▶ [PROBLEM DETAILS] Each record below should appear again exactly as written.

=== DATA EXTRACTS ===

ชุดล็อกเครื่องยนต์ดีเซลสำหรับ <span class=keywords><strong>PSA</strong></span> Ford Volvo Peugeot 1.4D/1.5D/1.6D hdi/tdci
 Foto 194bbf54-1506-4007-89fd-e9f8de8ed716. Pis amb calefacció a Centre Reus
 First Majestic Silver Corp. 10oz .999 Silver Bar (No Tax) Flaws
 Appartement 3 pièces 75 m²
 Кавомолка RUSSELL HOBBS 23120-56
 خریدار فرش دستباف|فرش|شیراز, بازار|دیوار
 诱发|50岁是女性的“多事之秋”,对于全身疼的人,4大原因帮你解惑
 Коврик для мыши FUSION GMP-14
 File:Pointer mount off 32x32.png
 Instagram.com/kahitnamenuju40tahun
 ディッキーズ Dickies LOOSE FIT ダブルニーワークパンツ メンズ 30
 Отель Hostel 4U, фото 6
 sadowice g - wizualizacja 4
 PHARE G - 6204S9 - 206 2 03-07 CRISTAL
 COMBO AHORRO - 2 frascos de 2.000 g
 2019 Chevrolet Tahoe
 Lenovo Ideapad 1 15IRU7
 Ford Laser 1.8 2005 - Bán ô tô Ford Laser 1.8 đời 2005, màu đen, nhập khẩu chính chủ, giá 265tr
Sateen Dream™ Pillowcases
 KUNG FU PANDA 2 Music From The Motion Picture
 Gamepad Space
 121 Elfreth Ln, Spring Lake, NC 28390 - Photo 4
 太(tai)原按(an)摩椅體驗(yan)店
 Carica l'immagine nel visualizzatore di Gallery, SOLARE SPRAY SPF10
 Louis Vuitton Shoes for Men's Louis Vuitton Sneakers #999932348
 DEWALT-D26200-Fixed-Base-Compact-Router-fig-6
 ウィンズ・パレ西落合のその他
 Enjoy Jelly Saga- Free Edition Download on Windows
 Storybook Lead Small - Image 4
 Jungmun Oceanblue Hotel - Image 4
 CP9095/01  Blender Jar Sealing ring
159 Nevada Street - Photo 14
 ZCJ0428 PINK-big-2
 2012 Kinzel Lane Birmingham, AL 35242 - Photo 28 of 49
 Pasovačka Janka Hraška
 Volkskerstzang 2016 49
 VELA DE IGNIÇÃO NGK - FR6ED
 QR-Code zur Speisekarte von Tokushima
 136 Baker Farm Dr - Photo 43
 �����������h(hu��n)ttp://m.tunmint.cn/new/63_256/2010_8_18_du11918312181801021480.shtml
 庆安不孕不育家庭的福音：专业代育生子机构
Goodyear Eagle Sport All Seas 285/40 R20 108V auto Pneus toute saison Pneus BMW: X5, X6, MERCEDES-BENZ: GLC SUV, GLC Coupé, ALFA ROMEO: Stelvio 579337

===

▶ [RESPONSE BOX]
ชุดล็อกเครื่องยนต์ดีเซลสำหรับ <span class=keywords><strong>PSA</strong></span> Ford Volvo Peugeot 1.4D/1.5D/1.6D hdi/tdci
 Foto 194bbf54-1506-4007-89fd-e9f8de8ed716. Pis amb calefacció a Centre Reus
 First Majestic Silver Corp. 10oz .999 Silver Bar (No Tax) Flaws
 Appartement 3 pièces 75 m²
 Кавомолка RUSSELL HOBBS 23120-56
 خریدار فرش دستباف|فرش|شیراز, بازار|دیوار
 诱发|50岁是女性的“多事之秋”,对于全身疼的人,4大原因帮你解惑
 Коврик для мыши FUSION GMP-14
 File:Pointer mount off 32x32.png
 Instagram.com/kahitnamenuju40tahun
 ディッキーズ Dickies LOOSE FIT ダブルニーワークパンツ メンズ 30
 Отель Hostel 4U, фото 6
 sadowice g - wizualizacja 4
 PHARE G - 6204S9 - 206 2 03-07 CRISTAL
 COMBO AHORRO - 2 frascos de 2.000 g
 2019 Chevrolet Tahoe
 Lenovo Ideapad 1 15IRU7
 Ford Laser 1.8 2005 - Bán ô tô Ford Laser 1.8 đời 2005, màu đen, nhập khẩu chính chủ, giá 265tr
Sateen Dream™ Pillowcases
 KUNG FU PANDA 2 Music From The Motion Picture
 Gamepad Space
 121 Elfreth Ln, Spring Lake, NC 28390 - Photo 4
 太(tai)原按(an)摩椅體驗(yan)店
 Carica l'immagine nel visualizzatore di Gallery, SOLARE SPRAY SPF10
 Louis Vuitton Shoes for Men's Louis Vuitton Sneakers #999932348
 DEWALT-D26200-Fixed-Base-Compact-Router-fig-6
 ウィンズ・パレ西落合のその他
 Enjoy Jelly Saga- Free Edition Download on Windows
 Storybook Lead Small - Image 4
 Jungmun Oceanblue Hotel - Image 4
 CP9095/01  Blender Jar Sealing ring
159 Nevada Street - Photo 14
 ZCJ0428 PINK-big-2
 2012 Kinzel Lane Birmingham, AL 35242 - Photo 28 of 49
 Pasovačka Janka Hraška
 Volkskerstzang 2016 49
 VELA DE IGNIÇÃO NGK - FR6ED
 QR-Code zur Speisekarte von Tokushima
 136 Baker Farm Dr - Photo 43
 �����������h(hu��n)ttp://m.tunmint.cn/new/63_256/2010_8_18_du11918312181801021480.shtml
 庆安不孕不育家庭的福音：专业代育生子机构
Goodyear Eagle Sport All Seas 285/40 R20 108V auto Pneus toute saison Pneus BMW: X5, X6, MERCEDES-BENZ: GLC SUV, GLC Coupé, ALFA ROMEO: Stelvio 579337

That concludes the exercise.